Nah, oleh karenannya mari melakukan penyadaran kembali. Sekurang-kurangnya dengan melihat perbandingan ini:
Inilah Islam:
”Inil-hukmu illaa liLlaah (Tidaklah hukum itu kecuali milik Allah)” [QS. Yusuf: 40]
Dan inilah Demokrasi:
”Kedaulatan di tangan rakyat, dan dilakukan sepenuhnya oleh Majelis Permusyawaratan Rakyat.” [Pasal 1 Ayat 2, UUD 1945]
Kiranya
sangat gamblang kata-kata itu untuk dimengerti. Namun lucunya, masih
saja ada yang mendebat, dengan dalih demokrasi tidak bertentangan dengan
Syari’at, karena demokrasi dianggapnya sebagai musyawarah (Asy-Syura).

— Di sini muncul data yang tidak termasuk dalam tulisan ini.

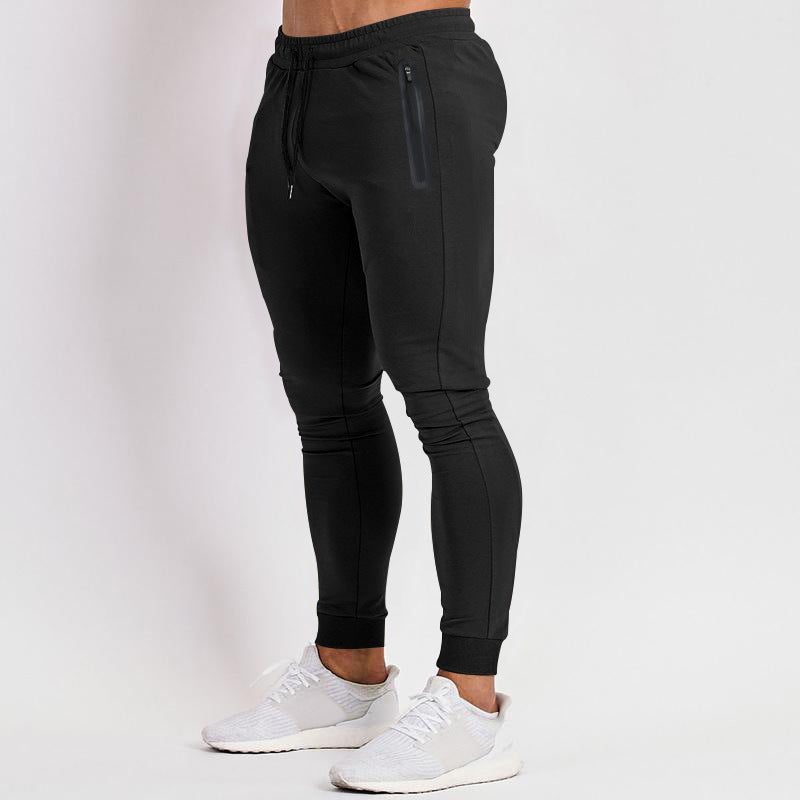 2024 New Men's Casual Fitness Running Sports Trousers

Orang seperti itu tidaklah perlu ditanggapi terlalu ngotot, karena dia
pun tidak akan mau disama-samakan dengan monyet gara-gara sama-sama
punya kaki, punya tangan, serta punya postur tubuh dan paras wajah yang
hampir mirip dengan monyet. Sekalipun diperlengkap data bahwa dia
sama-sama makan pisang.
Permasalahan kronis demokrasi
sebenarnya ada pada kata ”kedaulatan” (ketundukan). Dimana ia harus
dikembalikan kepada Rakyat, lalu kepada Voting. Suara Kyai tidak ada
bedanya dengan suara ”penjaja daging”, suara Profesor tak berbeda bobot
dengan suara gelandangan. Lalu dalam hal musyawarah, jika Islam hanya
membolehkan sebatas perkara teknis, maka dalam demokrasi perkara yang
sudah jelas halal dan haramnya bisa pula dimungkinkan untuk digugat dan
dipermasalahkan. Itulah mengapa, demokrasi tidak bisa disamaratakan
dengan Islam. Dan manusia tidak mungkin disejajarkan dengan monyet!
Kawan,
entahlah sampai kapan kita akan terus diombang-ambingkan. Dipermainkan
seperti halnya barang rongsokan. Tidak ada yang membela Agama kita
kecuali apa yang kita lakukan untuk berorasi di jalanan, serta deretan
tulisan kecaman. Dan bagi saudara kita yang dijarah tanahnya mungkin
hanya bisa membalas dengan sedikit lemparan. Apa yang orang-orang
harapkan dari demokrasi pun samasekali tak kunjung menampilkan
kebijaksanaan. Akhirnya, tak perlu ada yang ditakutkan, kita buang saja
mitos ”Muslim Dzimmi”, dan kita serukan satu kata lantang: Lawan!